_Directions for this task_
Output every line below exactly, please, omitting pictures.

** Provided data follows **

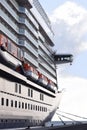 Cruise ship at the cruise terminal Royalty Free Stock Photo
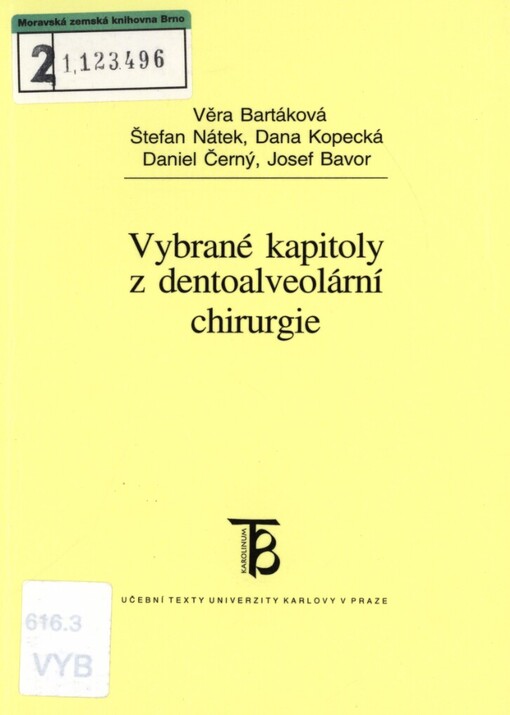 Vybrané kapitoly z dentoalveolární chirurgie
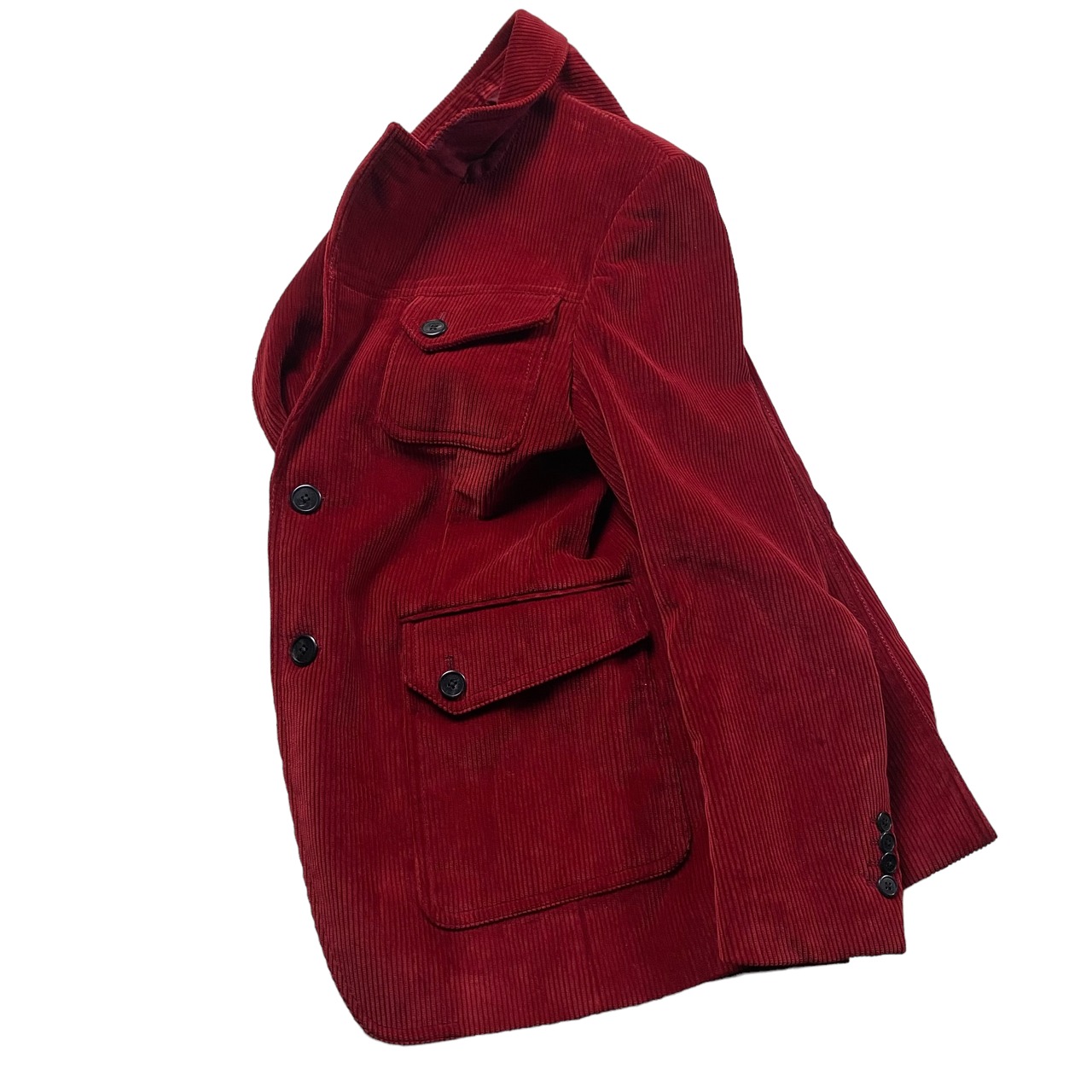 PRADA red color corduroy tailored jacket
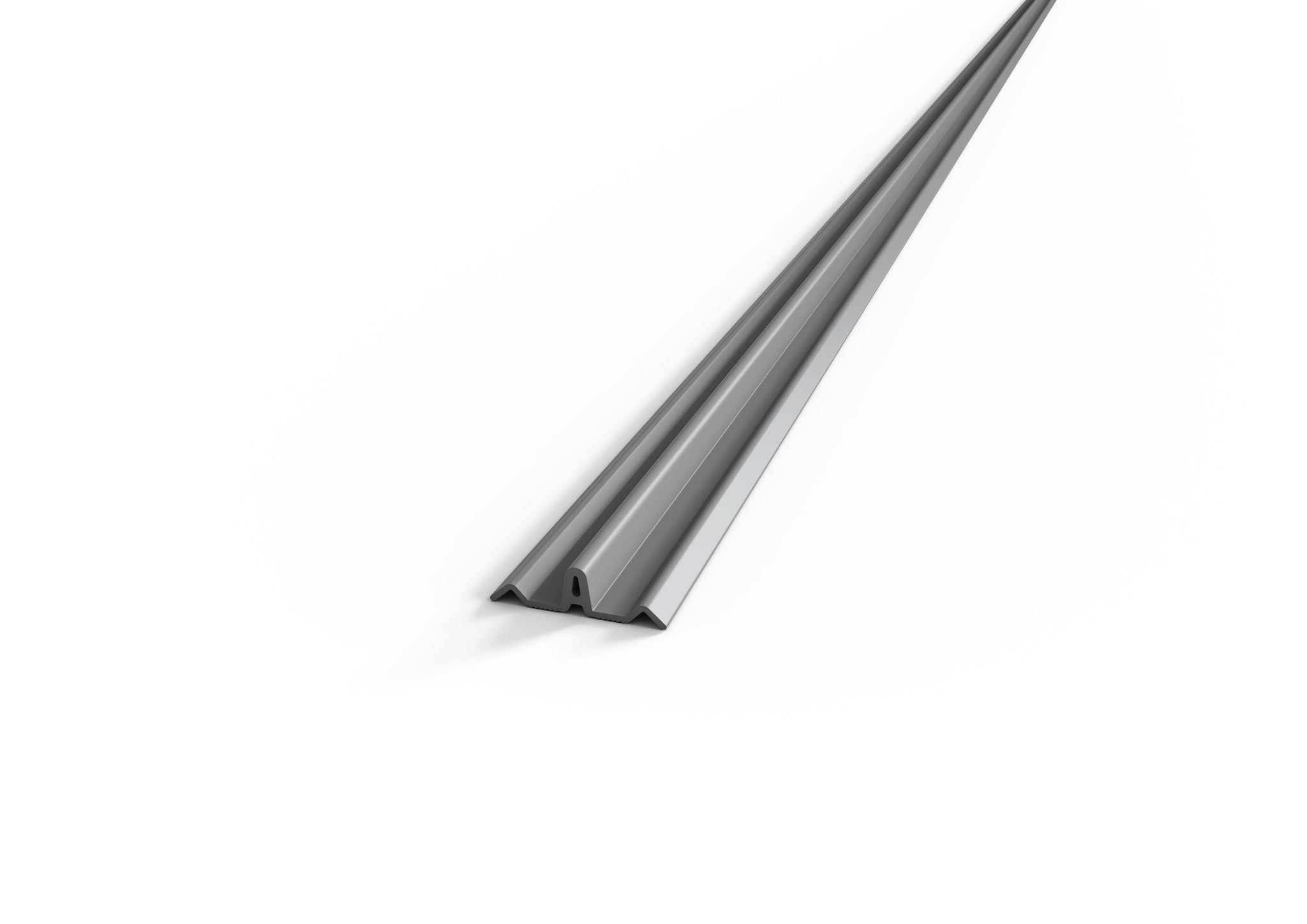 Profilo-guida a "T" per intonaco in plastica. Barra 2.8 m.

** End of Provided data **

_Output for this task_
 Cruise ship at the cruise terminal Royalty Free Stock Photo
 Vybrané kapitoly z dentoalveolární chirurgie
 PRADA red color corduroy tailored jacket
 Profilo-guida a "T" per intonaco in plastica. Barra 2.8 m.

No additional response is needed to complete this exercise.